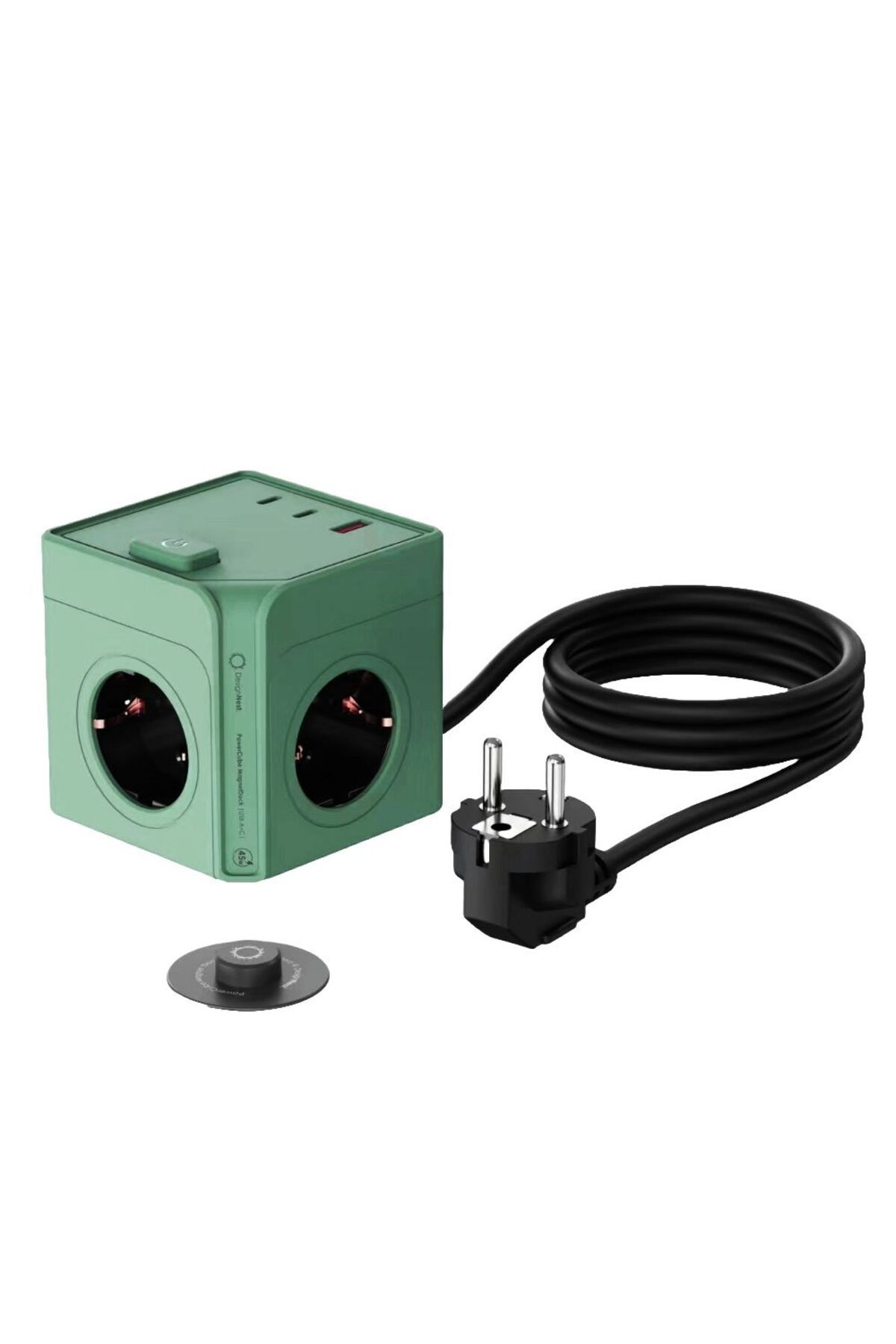 Allocacoc-Extensie cub, MagnetDock de la Allocacoc, 3xUSB, 4 prize, salvie 1
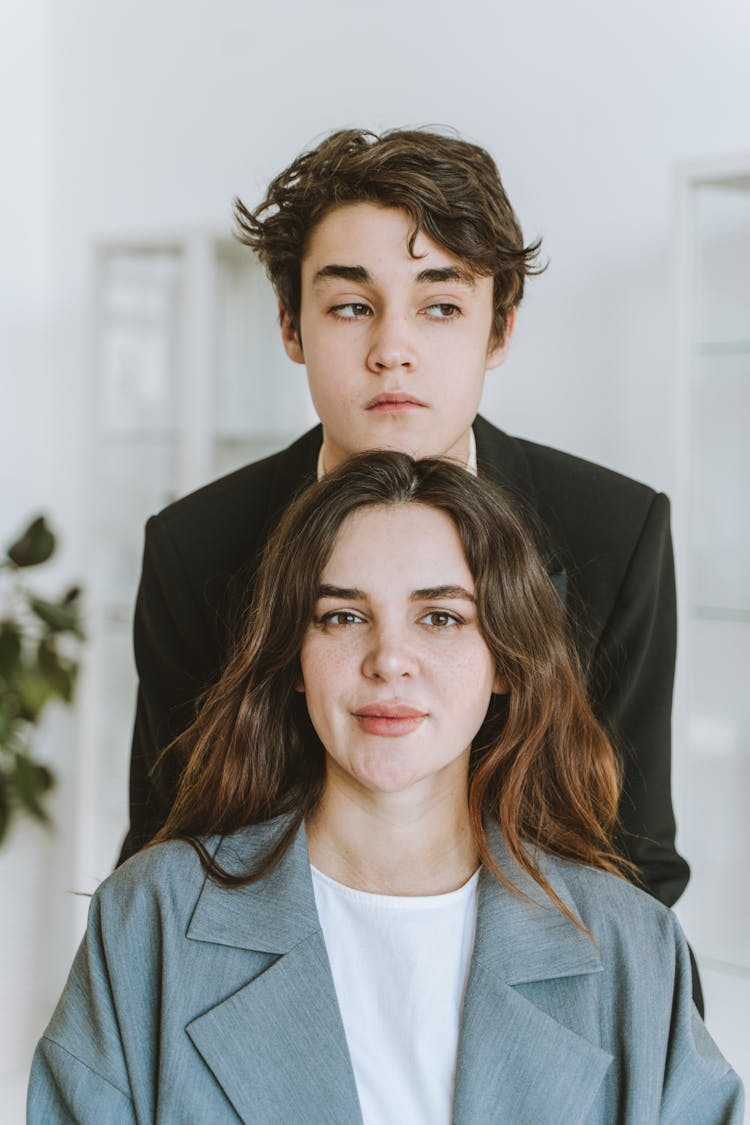 Stylish Mother And Son 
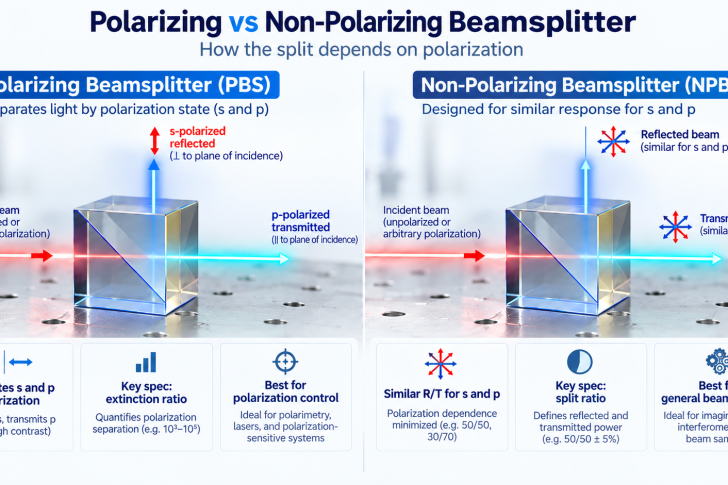 polarizing vs non polarizing beamsplitter
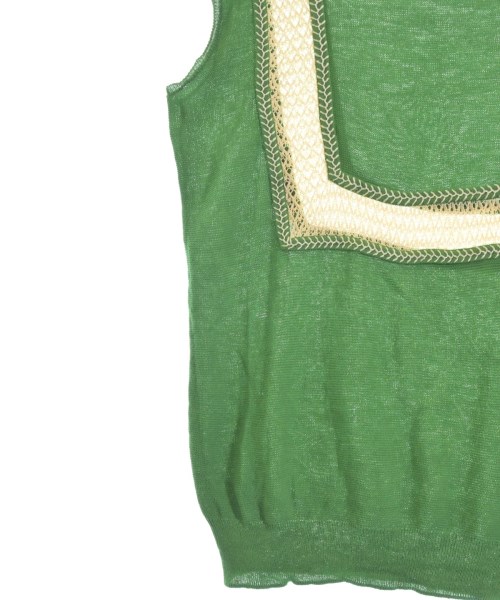 mina perhonen（ミナペルホネン）ベスト 緑 サイズ:38(S位) レディース/2200609422359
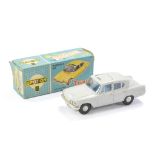 Triang Spot-On No. 259 Ford Consul Classic with sliding roof. Grey with blue interior. Good with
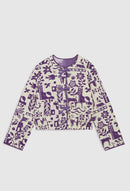 Claudie Pierlot - Blouson Réversible Vladi - Violet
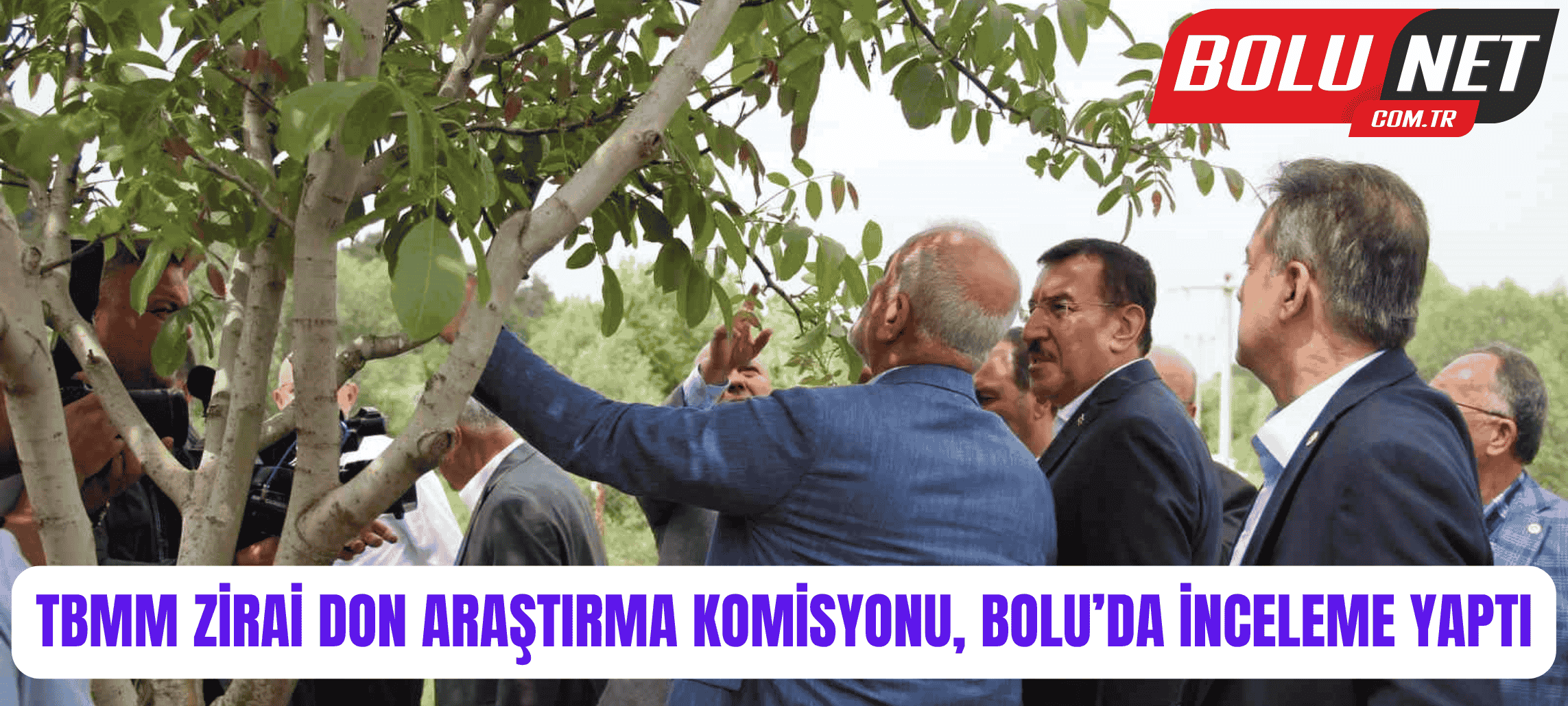 TBMM Zirai Don Araştırma Komisyonu, Bolu’da inceleme yaptı ...BoluNet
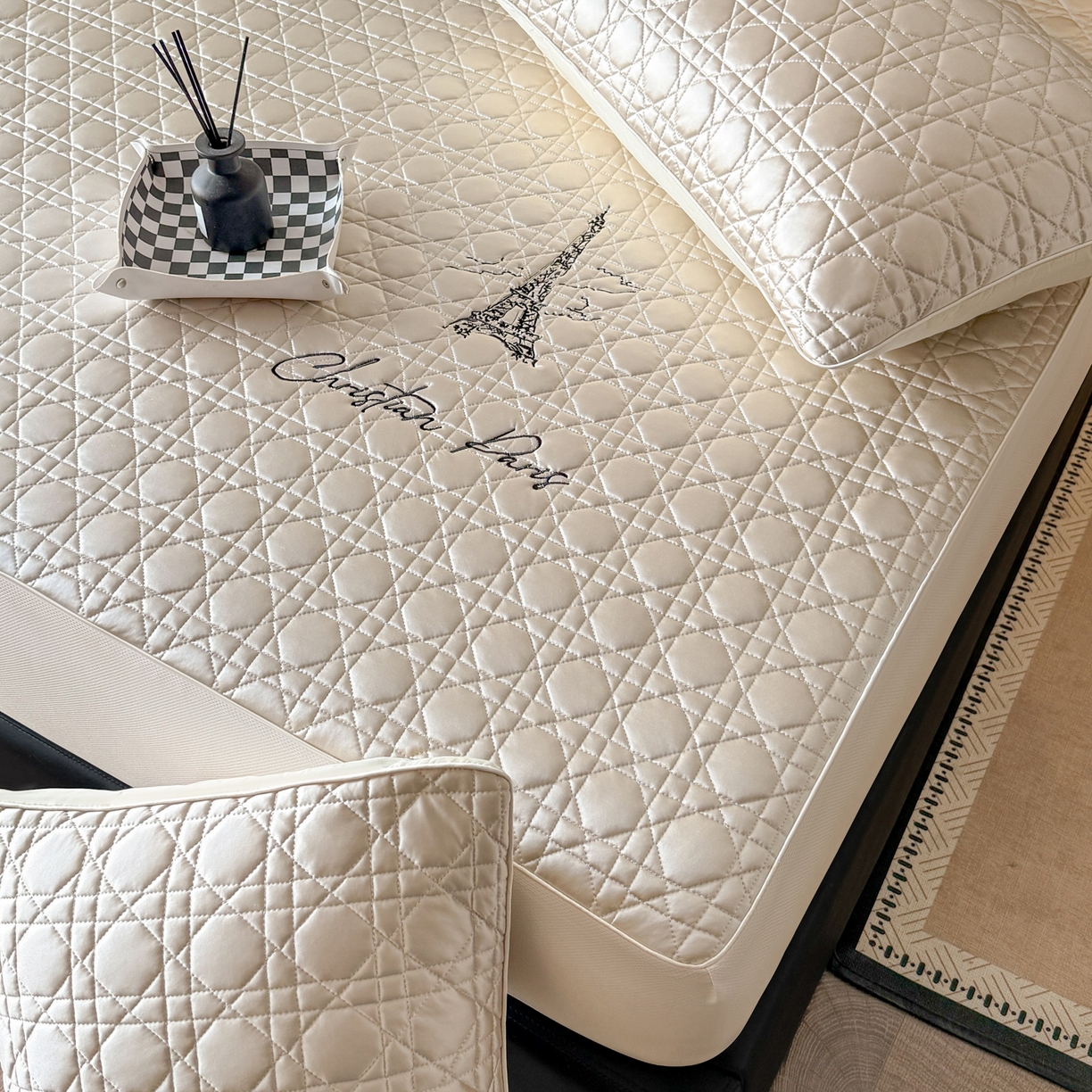 91家纺网 家纺一手货源 找家纺 （总）大元 2026新款冰丝绸水光席凉席席子-戴妃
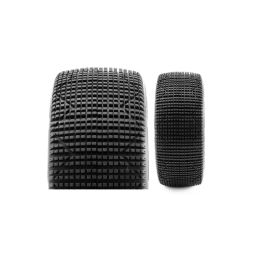 TRIGON V3 BUGGY S3 (MEDIUM) nalepené pneumatiky, bílé disky, 2 ks. - 3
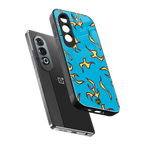 lil flames on blue back phone cover | glass case for oneplus nord ce 4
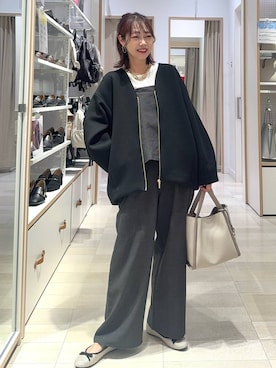 「アイテム（オールインワン・サロペット）」を使った、せこ子さん（レディース・159cm・30代）の秋コーディネート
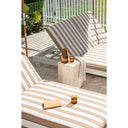 Santorini Aluminium Sun Lounge Set with Side Table in White with Sunbrella® cushions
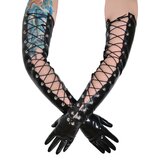 Latex Lace-Up Shoulder Gloves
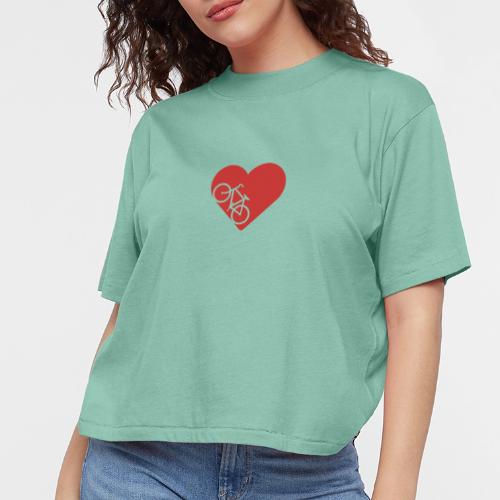 Bike in heart - Women's Boxy Tee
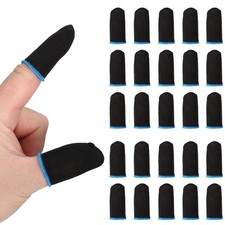 Mobile Gaming Finger Sleeve, 40 Pack Controller Finger Thumb Sleeve, Blue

## Task details
Type out all the records verbatim, minus images.

## Solution for this problem
 Allocacoc-Extensie cub, MagnetDock de la Allocacoc, 3xUSB, 4 prize, salvie 1
 Stylish Mother And Son 
 polarizing vs non polarizing beamsplitter
 mina perhonen（ミナペルホネン）ベスト 緑 サイズ:38(S位) レディース/2200609422359
 Triang Spot-On No. 259 Ford Consul Classic with sliding roof. Grey with blue interior. Good with
 Claudie Pierlot - Blouson Réversible Vladi - Violet
 TBMM Zirai Don Araştırma Komisyonu, Bolu’da inceleme yaptı ...BoluNet
 91家纺网 家纺一手货源 找家纺 （总）大元 2026新款冰丝绸水光席凉席席子-戴妃
 TRIGON V3 BUGGY S3 (MEDIUM) nalepené pneumatiky, bílé disky, 2 ks. - 3
 lil flames on blue back phone cover | glass case for oneplus nord ce 4
 「アイテム（オールインワン・サロペット）」を使った、せこ子さん（レディース・159cm・30代）の秋コーディネート
 Santorini Aluminium Sun Lounge Set with Side Table in White with Sunbrella® cushions
 Latex Lace-Up Shoulder Gloves
 Bike in heart - Women's Boxy Tee
 Mobile Gaming Finger Sleeve, 40 Pack Controller Finger Thumb Sleeve, Blue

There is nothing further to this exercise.